Use these structured clinical scenarios to test your ability to integrate the shock classification, pathophysiology, and management principles from this module. For each scenario, identify the shock type and class, the pathophysiological mechanism, and the management priority. Resist the reflex to immediately match symptoms to a treatment — first identify the mechanism, because the mechanism determines the treatment.

Scenario A: A 68-year-old man on atenolol 50 mg/day is admitted after a road traffic accident. He has a grossly deformed pelvis on X-ray, BP 100/75 mmHg, HR 82/min, RR 20/min, confused. His ECG shows sinus rhythm at 82 bpm. The junior doctor says 'his HR is not that elevated, it's probably mild shock.' What is your assessment and what trap has the junior doctor fallen into?

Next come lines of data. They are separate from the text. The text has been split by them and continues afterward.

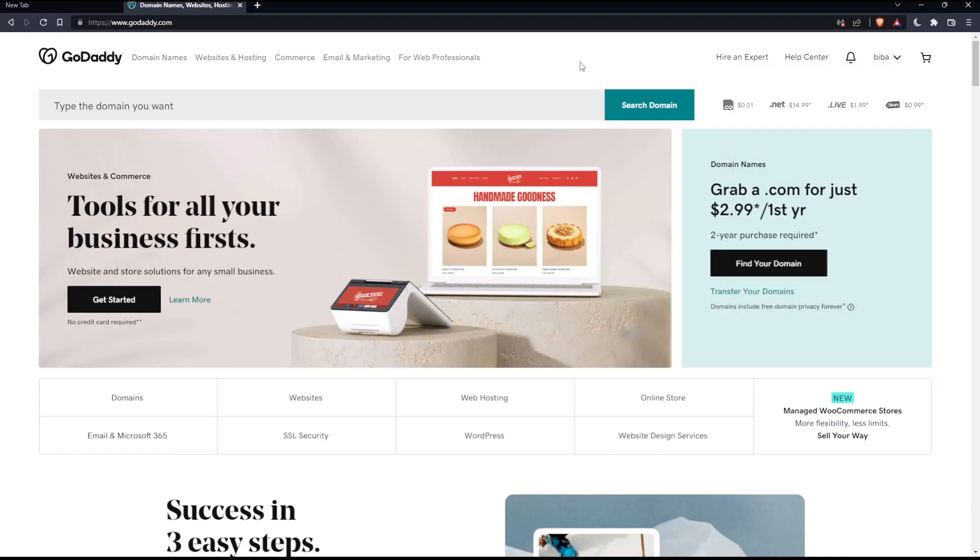Once you did one of those two options, you'll find yourself on this screen, which is going to be your home screen or your main screen on the GoDaddy website.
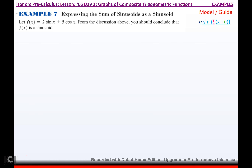Let f of x equal 2 sine x plus 5 cosine x. From the discussion above, you should conclude that f of x is a sinusoid because the period of 2 sine x is 2 pi over 1, and the period of 5 cosine x is also 2 pi over 1, so both periods are 2 pi — yes, it's going to be a sinusoid. You've got to make sure that's true; if it's not, you can't write it as a sinusoid anyway.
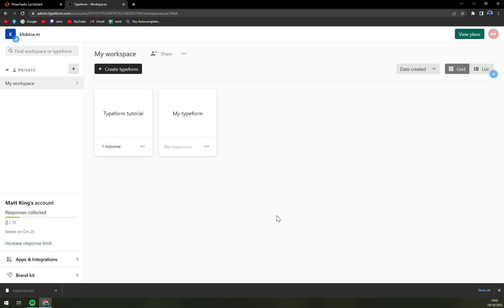First of all, we have to log into our Typeform account, into our workspace, and pick the form or quiz that we already created with the responses we want to download.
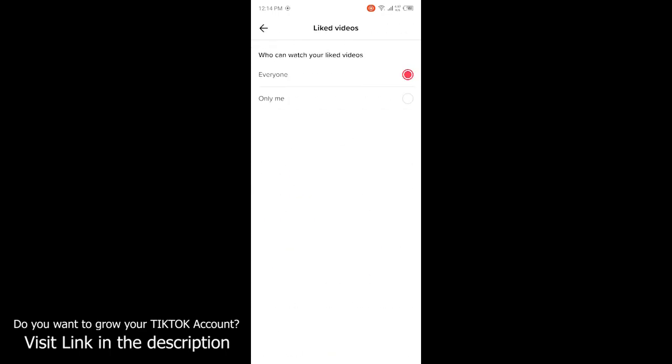Then you need to change the setting from Everyone to Only Me. You can read who can watch your liked videos. Now you are the only person that is able to see your liked videos.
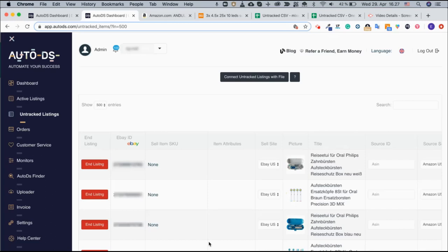In this tutorial I will show you how you can connect your untracked listings using a file. You will use a file when you have more than 10 or 20 untracked listings that you would like to connect and have them tracked on AutoDS.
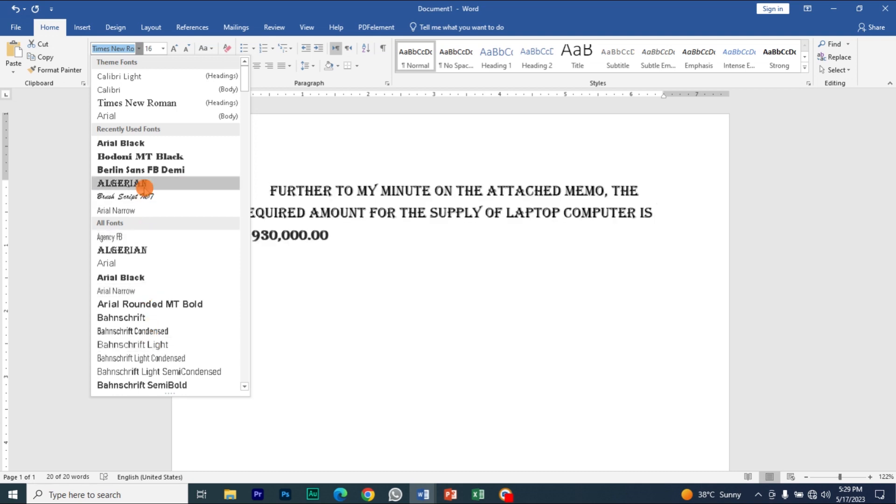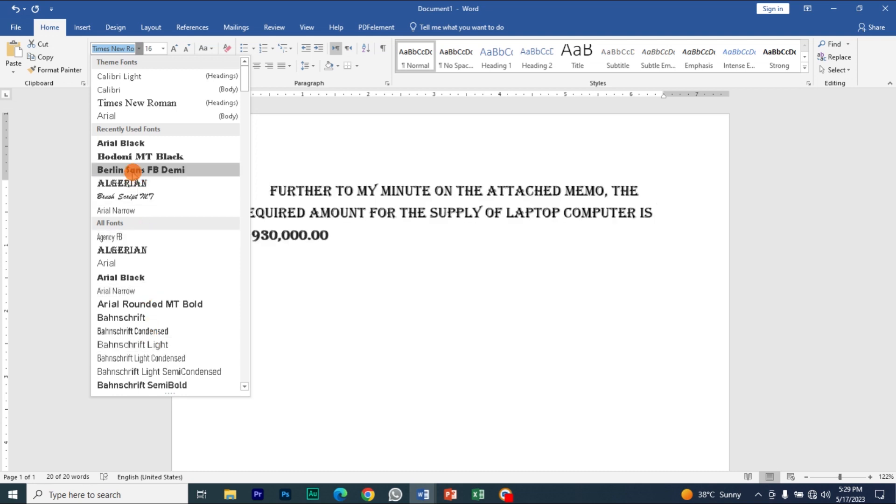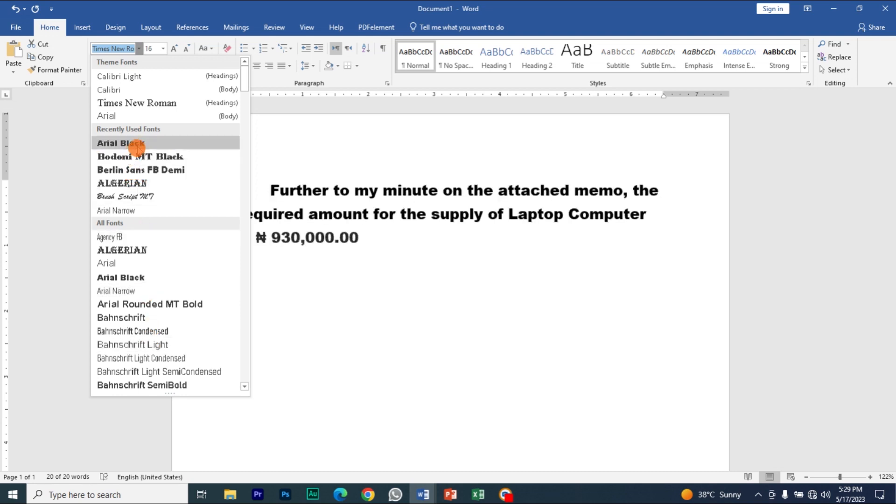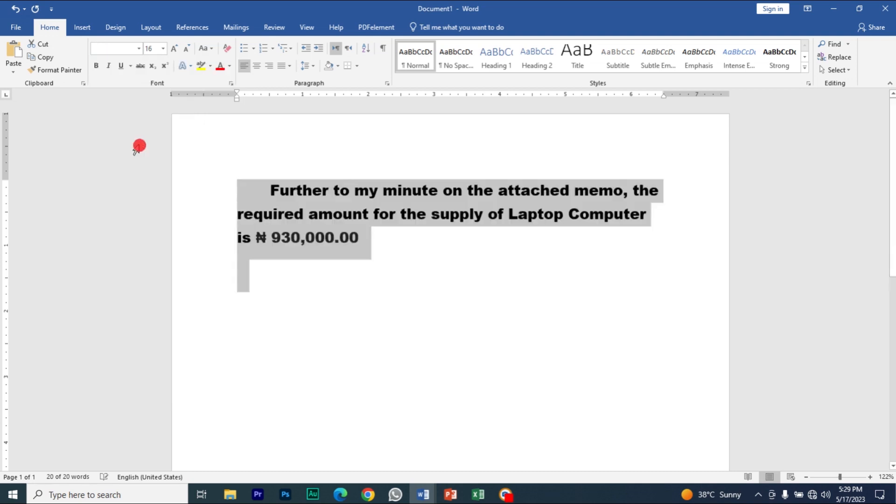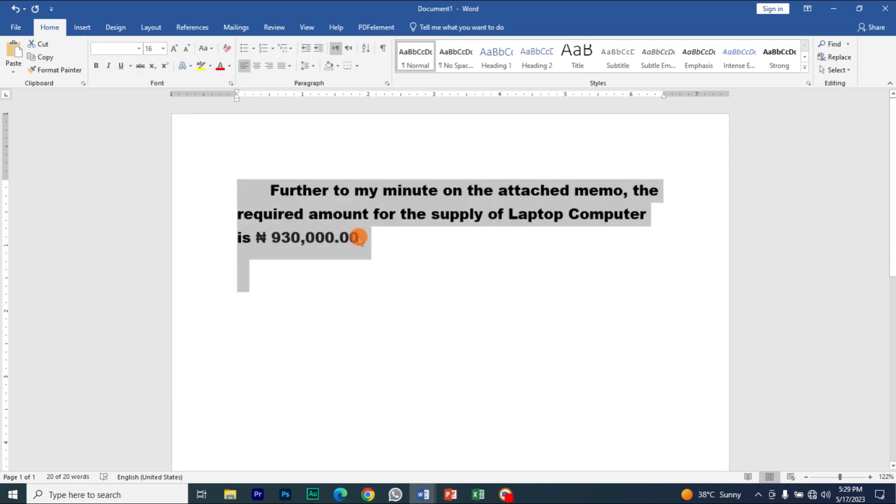So I'm just going to use Arial Black and this is the new font style I have chosen. Thank you for joining us.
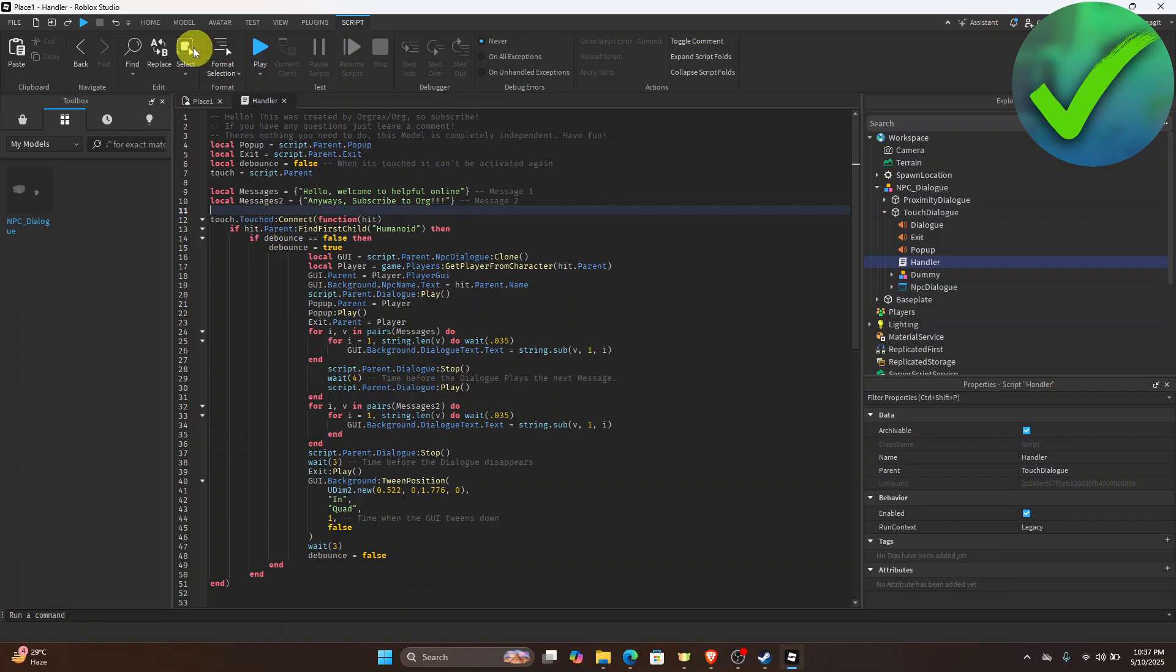And then if you want to test it all you have to do is to click the play button and then you should now be able to test it. So that is basically it, that is how to add dialogue in Roblox Studio.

Scenario B: A 19-year-old rugby player has a femoral shaft fracture from a tackle. Initial BP 118/80 mmHg, HR 96/min. You obtain IV access and send bloods. Twenty minutes later: BP 92/68 mmHg, HR 126/min, lactate 4.2 mmol/L. Describe what has happened physiologically and what you should have anticipated from the initial presentation.

Scenario C: Two hours after a C5 fracture-dislocation, a 35-year-old has BP 78/48 mmHg, HR 52/min, warm dry skin. His abdomen is soft. FAST is negative. What is the diagnosis? What investigation would you perform to exclude concurrent haemorrhage, and what is your immediate pharmacological management?

After completing these scenarios, note the two most important clinical features that distinguish neurogenic from haemorrhagic shock. These distinctions appear frequently in clinical examinations and are high-value clinical skills for your surgical and orthopaedic postings.

CLINICAL PEARL

The compensated shock trap: A young, fit patient with a femoral shaft fracture can lose 1.5 litres of blood while maintaining a systolic BP of 110–120 mmHg through robust sympathetic compensation. This is Class II haemorrhagic shock — the patient IS in shock, despite the near-normal pressure. The clinical pearls are: (1) never rely on systolic BP alone; assess pulse pressure (narrow = early vasoconstriction), heart rate, capillary refill, mental status, and urine output; (2) serum lactate >2 mmol/L confirms tissue hypoperfusion even with preserved BP; (3) in elderly or beta-blocked patients, the tachycardia may be blunted — use other markers. The 'normal-BP patient in shock' who is not recognised and resuscitated is the patient who suddenly decompensates in theatre.